The evaluation of background and style transformation is relatively weak, as such global edits lack clear "objects" to evaluate separately.
The evaluation metrics are mainly based on visual similarity and do not consider the physical plausibility of editing (e.g., lighting consistency, perspective relations).

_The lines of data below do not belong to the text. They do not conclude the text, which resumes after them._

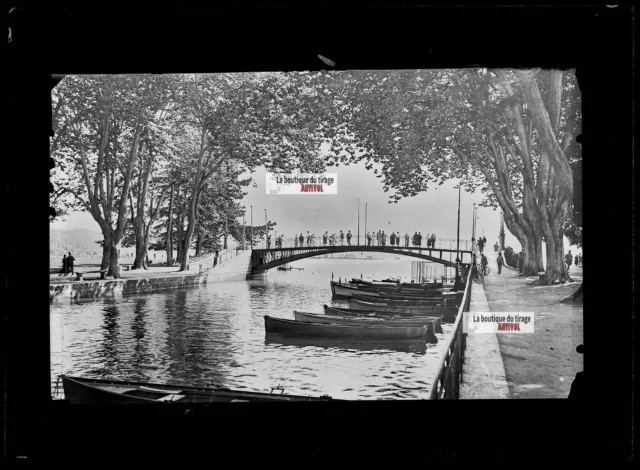 Plaque verre photo négatif noir et blanc 13x18 cm Annecy pont Amours CPA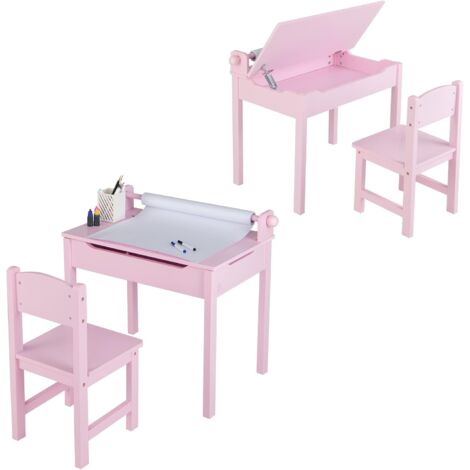 Costway – Table enfant en pin avec tabouret – Dimensions 60 x 40 x 58 cm – Espace de rangement intérieur – Porte-rouleau de papier amovible – Pour 3 ans et plus
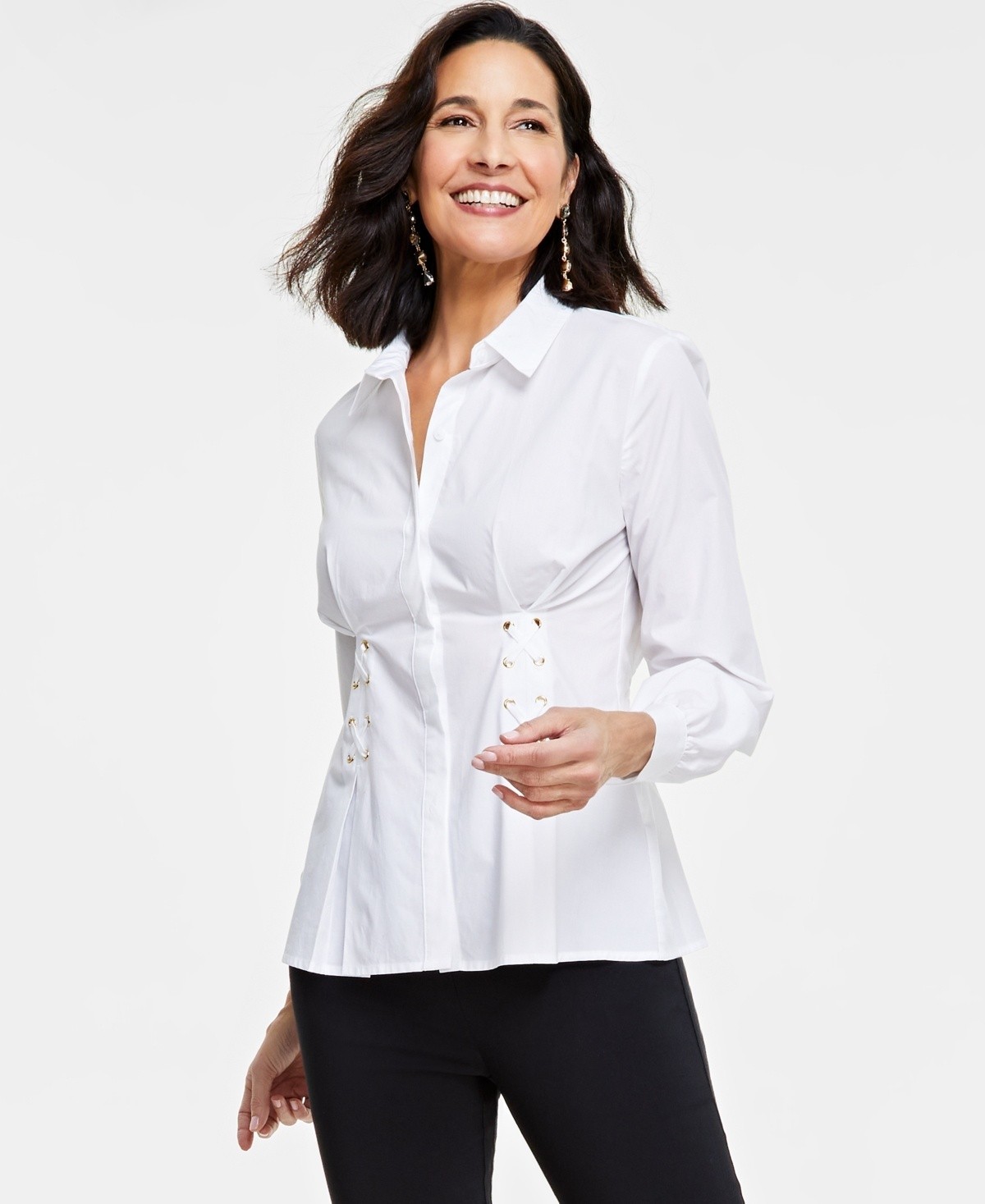 INC International Concepts Long-Sleeve Grommet-Detail Blouse Women\'s XXL White INC International Concepts Long-Sleeve Grommet-Detail Blouse Women\'s XXL White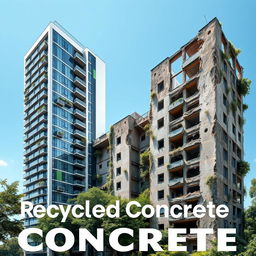 A visually striking cover for a graduation project titled 'Recycled Concrete', featuring a modern residential tower seamlessly merging with a dilapidated building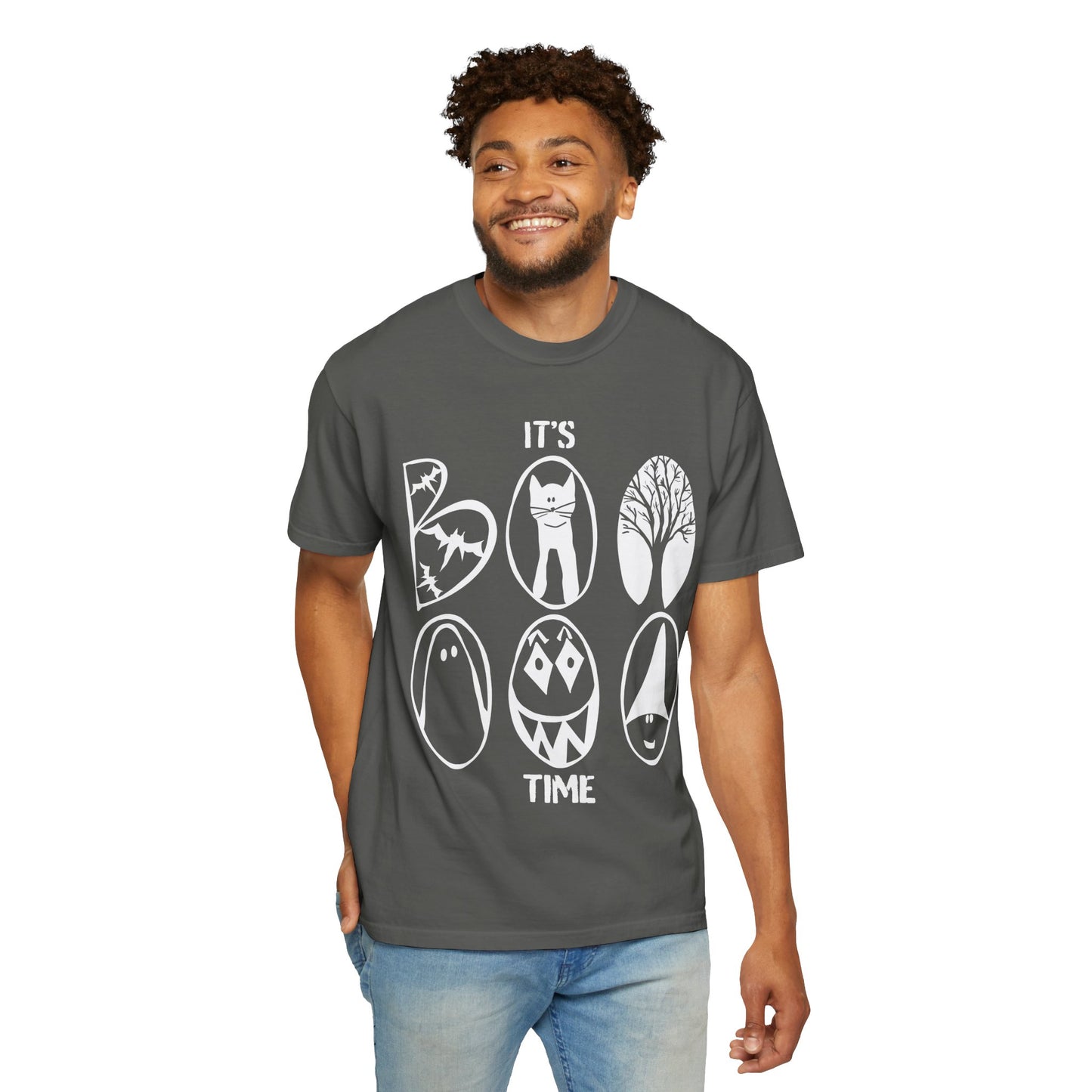 "IT'S BOO TIME" Halloween Themed T-shirt, Spooky Graphic Tee, Unisex T-shirt for Fall, Vintage Style Halloween Shirt, Perfect for Halloween Party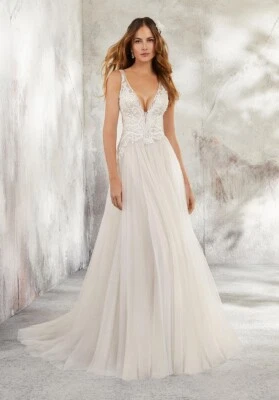 MoriLee Size 8 Ivory/Rose A-Line Ballgown Embroidered Bodice Style #5681 Leonita - Image 1 of 4
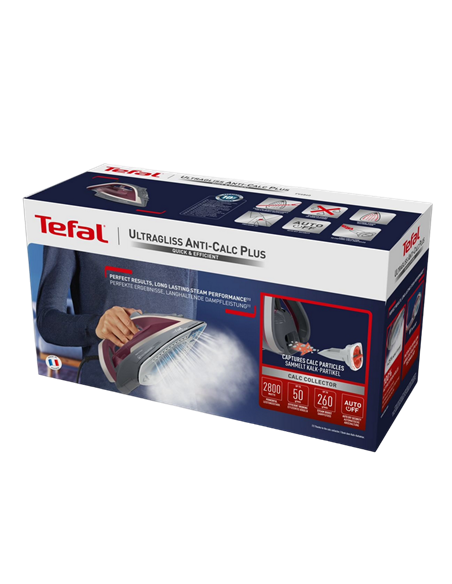Утюг Tefal FV6840E0, 2800Вт, Серый Бордовый Утюг Tefal FV6840E0, 2800Вт, Серый Бордовый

vs TEdBench: Only 100 images, no automated evaluation, and the scale is too small for stable evaluation. HATIE achieves a 200x increase in scale.
vs GIER: Although it has 30K queries, it is limited to editing types where ground truth is easily obtained (e.g., grayscale conversion) and cannot cover open-ended editing tasks. HATIE avoids dependency on pixel-level ground truth through a combination of multiple metrics.
vs EditVal: Covers more editing types and object categories but still relies on user studies for evaluation. HATIE achieves full automation.

Rating¶

Novelty: ⭐⭐⭐⭐ The philosophy of weight fitting to align with human perception is novel, and the five-dimension separation evaluation design is reasonable.
Experimental Thoroughness: ⭐⭐⭐⭐⭐ A 24-participant user study verifies the alignment; comprehensive testing indeed across multiple models and parameters, with rigorous statistical analysis.
Writing Quality: ⭐⭐⭐⭐ Clear structure, well-defined problem, and standard use of mathematical notation.
Value: ⭐⭐⭐⭐ Solves key pain points in image editing evaluation; open-source code and datasets will help drive standardization in the field.